WORK INSTRUCTIONS
Write out the listing exactly, dropping any picture it contains.

DATA SHOWN below:

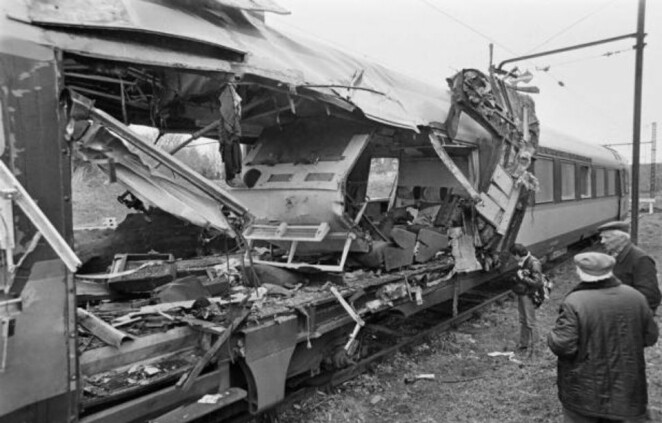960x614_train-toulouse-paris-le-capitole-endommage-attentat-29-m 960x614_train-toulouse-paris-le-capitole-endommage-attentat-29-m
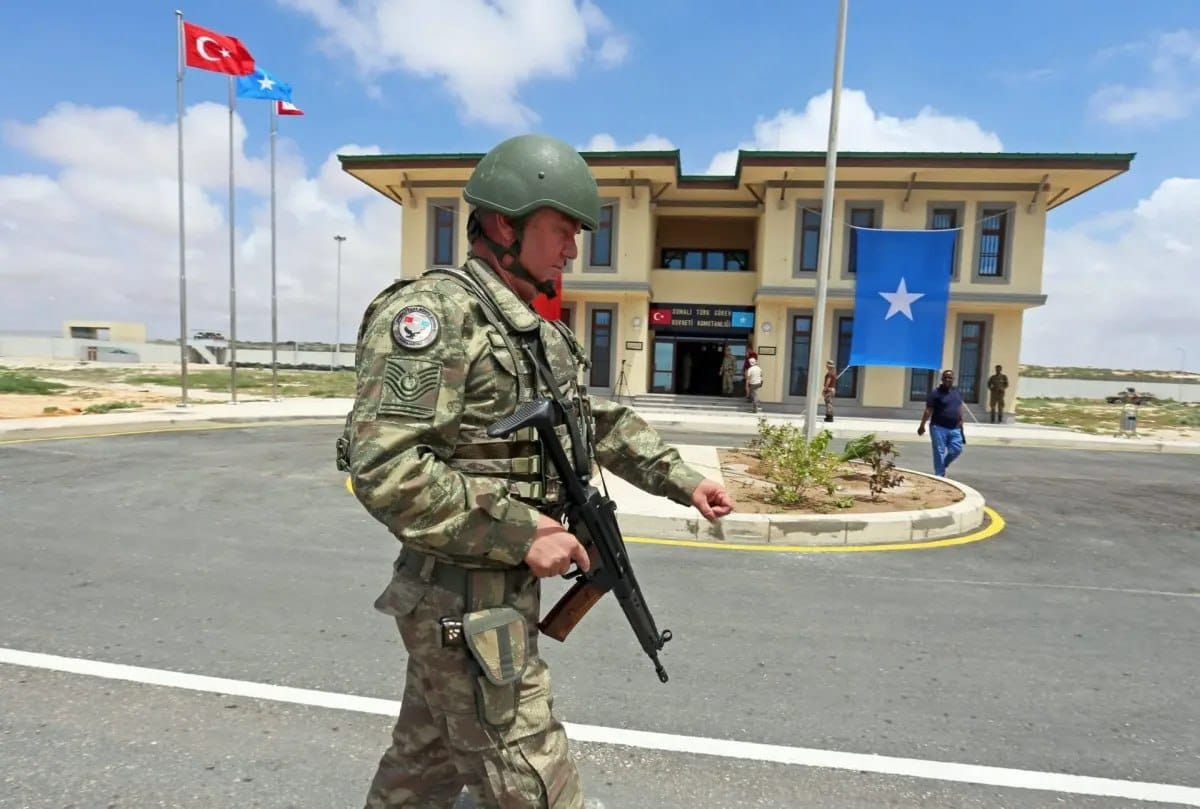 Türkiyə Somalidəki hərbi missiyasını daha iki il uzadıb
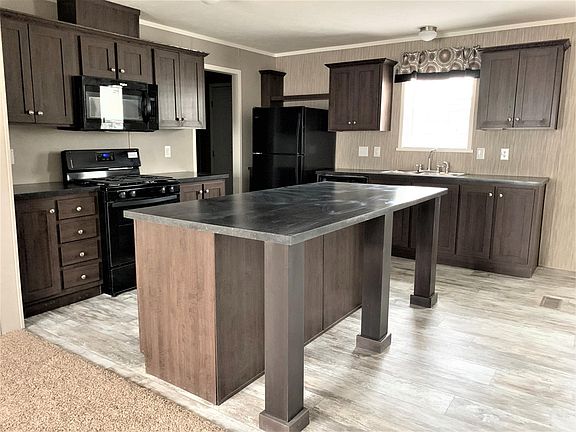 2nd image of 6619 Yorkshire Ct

End of DATA SHOWN.

RESPONSE BELOW
960x614_train-toulouse-paris-le-capitole-endommage-attentat-29-m 960x614_train-toulouse-paris-le-capitole-endommage-attentat-29-m
 Türkiyə Somalidəki hərbi missiyasını daha iki il uzadıb
 2nd image of 6619 Yorkshire Ct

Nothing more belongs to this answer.